Campeonato Nacional de Futebol Feminino
- Season: 2018–19
- Dates: 16 September 2018 – 12 May 2019
- Champions: Braga 1st title
- Relegated: Vilaverdense Boavista
- Champions League: Braga
- Matches: 132
- Goals: 505 (3.83 per match)
- Top goalscorer: Vanessa Marques (29 goals)

= 2018–19 Campeonato Nacional Feminino =

34th edition of Campeonato Nacional de Futebol Feminino

The 2018–19 Campeonato Nacional de Futebol Feminino (also known as Liga BPI for sponsorship reasons) was the 34th edition of Campeonato Nacional de Futebol Feminino.

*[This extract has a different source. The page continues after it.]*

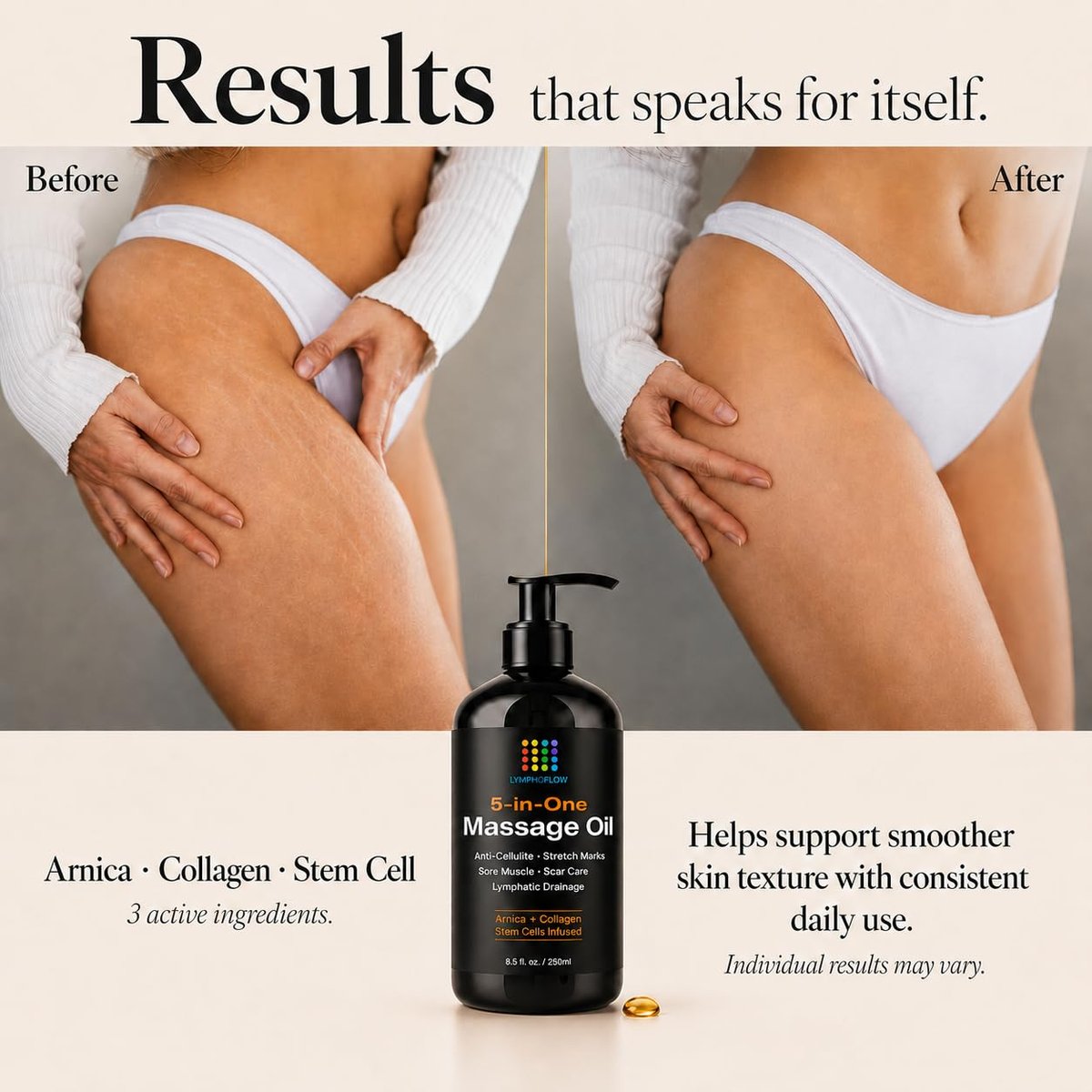5-in-1 Lymphdrainage-Massageöl für Massagetherapie - Glättet das Erscheinungsbild von Cellulite & verbessert die Hauttextur - Nach OP-Erholung & Lipo, BBL, Tummy Tuck, Fibrose-Behandlung - 8,5 Unzen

SC Braga won the title for the first time.

== Teams ==

Twelve teams will compete in the league – nine teams from the 2017–18 Campeonato Nacional, as well as three teams promoted from the Campeonato de Promoção.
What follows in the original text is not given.